More than one in four believes every person who has gay sex should be in jail

Over one in four people believes every person who has gay sex should be charged as criminals, according to a global survey.

Broken across regions, those who believes gay sex should be a crime varies from 15% of people in Australia to nearly one in two across Africa.

While the belief homosexuality should be a crime was far more prevalent in places where it is actually a crime, there were some shocking revelations.

In the UK, which celebrated the 50th anniversary of the partial decriminalization of homosexuality this year, one in six (17%) agreed with the following statement:

‘People should engage in romantic or sexual relationships with people of the same sex should be charged as criminals’.

It was a little higher in the US, at 18% agreeing with that statement.

An overview:

28.5%, globally, believes gay sex should be a crime

  • 15% of respondents agreed from Australia and New Zealand
  • 17% in the UK
  • 18% in the US
  • 19% in North America, South America, and western Europe
  • 23% in Eastern Europe
  • 36% in Middle East
  • 45% in Africa

‘It is worrying that these attitudes towards criminalization hover around the 20% mark in many developed countries,’ said lead survey researcher and co-author of the 2017 Ilga-Riwa global attitudes report, Aengus Carroll.
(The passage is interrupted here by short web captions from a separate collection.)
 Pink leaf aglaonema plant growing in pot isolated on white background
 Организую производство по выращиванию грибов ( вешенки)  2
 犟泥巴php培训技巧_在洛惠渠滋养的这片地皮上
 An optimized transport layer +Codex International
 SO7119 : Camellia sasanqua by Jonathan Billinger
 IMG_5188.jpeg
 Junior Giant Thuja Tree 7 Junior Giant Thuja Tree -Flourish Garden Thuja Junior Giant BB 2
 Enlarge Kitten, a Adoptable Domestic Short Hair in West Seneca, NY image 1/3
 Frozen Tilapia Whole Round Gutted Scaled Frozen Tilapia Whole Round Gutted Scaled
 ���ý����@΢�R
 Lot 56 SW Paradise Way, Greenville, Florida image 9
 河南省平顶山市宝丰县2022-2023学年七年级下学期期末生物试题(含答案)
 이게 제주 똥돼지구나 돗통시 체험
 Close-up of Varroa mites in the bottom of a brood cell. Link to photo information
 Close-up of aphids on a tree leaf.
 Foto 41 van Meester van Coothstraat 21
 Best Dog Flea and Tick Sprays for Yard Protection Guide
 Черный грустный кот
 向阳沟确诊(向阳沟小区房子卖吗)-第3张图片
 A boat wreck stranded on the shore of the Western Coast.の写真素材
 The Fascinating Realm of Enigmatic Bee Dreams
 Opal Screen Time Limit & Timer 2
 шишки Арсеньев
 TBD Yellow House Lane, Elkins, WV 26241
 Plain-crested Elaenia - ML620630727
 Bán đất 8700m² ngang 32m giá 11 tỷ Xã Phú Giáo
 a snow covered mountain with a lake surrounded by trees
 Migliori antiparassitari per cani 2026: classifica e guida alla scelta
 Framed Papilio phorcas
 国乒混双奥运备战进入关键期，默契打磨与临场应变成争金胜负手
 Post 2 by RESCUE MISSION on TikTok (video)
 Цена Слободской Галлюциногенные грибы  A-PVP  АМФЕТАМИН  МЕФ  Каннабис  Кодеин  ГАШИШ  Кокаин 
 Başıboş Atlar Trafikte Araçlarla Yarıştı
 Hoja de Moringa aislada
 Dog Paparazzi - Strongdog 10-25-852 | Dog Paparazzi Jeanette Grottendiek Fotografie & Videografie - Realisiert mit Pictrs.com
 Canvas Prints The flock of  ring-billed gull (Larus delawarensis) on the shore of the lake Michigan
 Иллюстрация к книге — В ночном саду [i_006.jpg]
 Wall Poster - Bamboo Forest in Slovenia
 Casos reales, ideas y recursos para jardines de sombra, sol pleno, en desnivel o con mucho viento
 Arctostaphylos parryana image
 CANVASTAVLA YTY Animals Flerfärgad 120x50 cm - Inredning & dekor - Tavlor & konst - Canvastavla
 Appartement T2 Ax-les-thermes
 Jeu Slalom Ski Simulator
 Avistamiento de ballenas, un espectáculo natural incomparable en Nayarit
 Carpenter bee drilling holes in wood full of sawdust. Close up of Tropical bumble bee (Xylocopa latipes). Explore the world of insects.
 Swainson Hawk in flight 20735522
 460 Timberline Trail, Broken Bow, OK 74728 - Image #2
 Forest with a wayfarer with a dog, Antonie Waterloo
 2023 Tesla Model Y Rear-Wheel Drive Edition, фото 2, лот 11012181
He added this was partly due to a ‘traditional values matrix’ and people who equate homosexuality with pedophilia.

There was a marked difference in attitudes depending on whether there is a law against homosexuality in that particular country.

Does a country’s attitudes on homosexuality depend on the law?

All countries on whether gay sex should be criminalized

  • 28.5% agreed gay sex should be a crime

Countries where gay sex is already criminalized

  • 42% agreed gay sex should be a crime

Countries where gay sex is not criminalized

  • 21% agreed gay sex should be a crime

‘The law of the land affects the attitudes of people in the land,’ said Carroll.

‘In repressive states where there are repressive laws, attitudes of the public are affected by the laws and this is very clear in this data.’

Almost a third, 30%, said their religion was ‘incompatible’ with accepting people who are gay or bisexual.

Does knowing a gay, bi or trans person change a person’s view on LGBTI people?

Most of all, Carrol said, those who know someone who is LGBTI greatly changes their views to support equal rights and protections.

Globally, 55% agreed equal rights and protections should apply to gay and bi people. And also, 59% said the same of those who are trans or gender-diverse.

Also, that figure rose to 73% among people who knew someone who was gay, bi, trans or gender-diverse.

However, those who didn’t know someone who was gay or transgender was far likely to say the LGBTI community deserves equal rights, at 44% and 54% respectively.

‘It is universally clear,” the authors said, ‘that when respondents know someone belonging to sexual or gender minorities in their cultures their attitudes appear to be significantly more inclusive and inclined towards equal treatment.’